In most languages, the solution is to use tail recursion. Tail recursion is really both an optimization and an exploit on how code is executed. Many recursive functions’s final action is to again call itself with modified arguments, and to return that result. An intelligent compiler which recognizes the traits of tail recursion can simply warp the arguments a function passes into the argument a function receives and restart execution. For instance, in this pseudo-code:

function add (x, y) {
if (y > 0) {
add (++x, –y)
} else {
return x;
}
}

Could become:

function add (x, y) {
function_start:
if (y > 0) {
x++; y–; goto function_start;
} else {
return x;
}
}

PHP does not allow this.

If PHP 6 introduces a goto (which is currently planned) it becomes possible. But in PHP 5 and earlier, it is simply not possible. However, in a round-about way, tail-recursion is possible. It requires writing a fairly substantial intermediary layer, though. Using a device called a trampoline, a function could return a function which needs to be called. Observe:

function add ($x, $y) {
if ($y > 0) {
return array (”add”, $x + 1, $y - 1);
} else {
return $x;
}
}
$f = array (”add”, 6, 5);
do {
$func = $f[0];
$f = $func($f[1], $f[2]);
} while (is_array ($f));

It’s hardly pretty (though implicit evaluation improves this drastically over other methods) but it’s not awful and makes some things in PHP possible that would otherwise require writing an extension in another language.

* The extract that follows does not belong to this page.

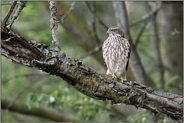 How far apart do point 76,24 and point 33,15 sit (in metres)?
2.72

One Comment currently posted.

BDKR says:

Might a work around for the lack of goto’s (as referred to in one of the examples) be…

function add_2 ($x, $y)
{
$f_start=’add_2′; // To be the same as –> function_start: Like a goto.
if ($y > 0)
{
++$x;
–$y;
echo “About to recurse! Our values are (\$x, \$y) | ($x, $y).\n”;
$f_start($x, $y);
}
else
{
echo $x.”\n”;
return $x;
}
}

?

I threw in the echo statements to make sure it was working.